More storms had reached the town on the 10th and 11th. By June 12th, the floods had not receded, but rather, they reached a 38-year high, surpassing the previous record floods by over a foot. Blockton had already implemented a flood reduction strategy by building a drainage ditch in 1922. The ditch had successfully prevented floods for the past 19 years but was overwhelmed by the constant downpours. The Blockton News reported thousands of acres of cropland as flooded, along with several large grain bins. The cost of the flood was too high to estimate accurately. Earlier that week, two residents, Miss Laura Lewis and Mrs. Charles Bailey, drowned in the flash floods. Both women were in their mid-60s.
Taylor County was just one of the many counties in the state suffering from flooding that year. In July, the Iowa Department of Health suggested that newspapers across the state stop printing stories on drowning deaths. The number of fatalities was twice as high as the previous years, and the department indicated that the reports in newspapers were far from helpful. The censorship may have reduced the number of stories on drownings, but the flooding continued for many more months.
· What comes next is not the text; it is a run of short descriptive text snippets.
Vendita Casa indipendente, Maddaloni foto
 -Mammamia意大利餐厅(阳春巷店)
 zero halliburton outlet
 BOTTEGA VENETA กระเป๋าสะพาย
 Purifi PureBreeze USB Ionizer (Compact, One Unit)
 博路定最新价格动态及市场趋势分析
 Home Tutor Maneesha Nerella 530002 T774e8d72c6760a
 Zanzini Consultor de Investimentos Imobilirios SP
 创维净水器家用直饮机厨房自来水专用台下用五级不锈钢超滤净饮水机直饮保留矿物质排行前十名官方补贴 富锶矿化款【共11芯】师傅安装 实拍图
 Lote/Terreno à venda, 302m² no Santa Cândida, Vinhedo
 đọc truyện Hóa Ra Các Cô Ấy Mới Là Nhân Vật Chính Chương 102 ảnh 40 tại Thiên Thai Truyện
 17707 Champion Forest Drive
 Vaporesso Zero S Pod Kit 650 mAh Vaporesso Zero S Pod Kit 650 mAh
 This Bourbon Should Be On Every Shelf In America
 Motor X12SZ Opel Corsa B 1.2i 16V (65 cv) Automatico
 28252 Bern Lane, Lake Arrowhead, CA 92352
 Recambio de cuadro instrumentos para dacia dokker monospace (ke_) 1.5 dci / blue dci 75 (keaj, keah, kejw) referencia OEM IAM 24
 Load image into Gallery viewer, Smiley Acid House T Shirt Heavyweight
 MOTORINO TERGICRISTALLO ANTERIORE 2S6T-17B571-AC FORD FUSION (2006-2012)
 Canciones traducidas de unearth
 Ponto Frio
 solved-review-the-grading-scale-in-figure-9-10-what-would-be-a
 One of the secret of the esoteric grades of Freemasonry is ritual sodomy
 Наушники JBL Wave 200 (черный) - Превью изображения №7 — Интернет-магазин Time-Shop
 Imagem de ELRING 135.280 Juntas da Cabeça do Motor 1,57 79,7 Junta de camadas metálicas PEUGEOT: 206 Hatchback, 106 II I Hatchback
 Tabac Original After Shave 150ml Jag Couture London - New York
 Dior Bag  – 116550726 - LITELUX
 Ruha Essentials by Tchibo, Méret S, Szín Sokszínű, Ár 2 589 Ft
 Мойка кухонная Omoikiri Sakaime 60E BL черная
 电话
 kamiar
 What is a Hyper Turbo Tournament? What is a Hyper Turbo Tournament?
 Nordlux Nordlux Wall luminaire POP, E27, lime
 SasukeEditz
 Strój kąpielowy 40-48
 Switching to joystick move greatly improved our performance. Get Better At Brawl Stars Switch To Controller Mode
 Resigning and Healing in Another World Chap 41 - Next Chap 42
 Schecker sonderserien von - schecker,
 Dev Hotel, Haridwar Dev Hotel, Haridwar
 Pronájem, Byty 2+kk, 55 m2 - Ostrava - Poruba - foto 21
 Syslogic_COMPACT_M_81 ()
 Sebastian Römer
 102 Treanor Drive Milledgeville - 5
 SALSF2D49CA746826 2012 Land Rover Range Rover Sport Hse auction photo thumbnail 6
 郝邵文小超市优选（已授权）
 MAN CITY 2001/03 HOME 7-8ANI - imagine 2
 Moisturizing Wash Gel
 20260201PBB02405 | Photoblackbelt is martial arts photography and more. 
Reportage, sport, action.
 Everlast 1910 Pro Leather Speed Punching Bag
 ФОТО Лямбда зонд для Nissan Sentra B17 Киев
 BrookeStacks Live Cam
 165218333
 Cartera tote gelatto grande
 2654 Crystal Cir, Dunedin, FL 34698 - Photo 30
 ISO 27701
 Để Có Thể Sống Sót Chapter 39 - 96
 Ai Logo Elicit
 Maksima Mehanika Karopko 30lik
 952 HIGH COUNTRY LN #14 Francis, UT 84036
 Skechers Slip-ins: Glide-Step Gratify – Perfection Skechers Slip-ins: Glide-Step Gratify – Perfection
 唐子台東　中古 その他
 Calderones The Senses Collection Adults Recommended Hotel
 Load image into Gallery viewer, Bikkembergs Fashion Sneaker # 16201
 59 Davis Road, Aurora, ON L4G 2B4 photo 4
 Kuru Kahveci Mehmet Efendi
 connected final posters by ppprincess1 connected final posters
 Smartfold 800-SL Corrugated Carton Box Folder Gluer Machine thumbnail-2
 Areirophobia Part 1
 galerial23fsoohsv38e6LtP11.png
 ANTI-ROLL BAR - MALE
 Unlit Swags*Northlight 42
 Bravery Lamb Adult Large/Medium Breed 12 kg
By September, heavy rains struck again, and the drainage ditch overflowed once more. In November, late-season rains combined with the accumulation of winter’s first snow caused the Platte to cover a quarter mile of the road exiting the west side of town. Blockton and the areas surrounding the Platte River faced nearly six months of flooding and were looking towards mitigation strategies for the future. Residents gathered for a meeting discussing the best solutions for flooding. The Platte River already had a drainage ditch in place, but it had proven insufficient protection from the increasing floods; a new solution was needed. By the 1960s, Blockton would complete one of the most comprehensive watershed management systems in the state, with over 27 drainage ponds and dams built to handle the overflow from the Platte.
Sources: Blockton News, June 5, 1941; Lenox Time Table, “Health Department Would censor News by Elimination,” July 3, 1941; “Platte Takes Two Lives,”Blockton News, June 12, 1941; “Will Drain Platte Bottoms,” Clearfield Enterprise, February 4, 1915; “More High Water,” Blockton News, November 6, 1941; “Drainage Meeting,” Blockton News, November 20, 1941.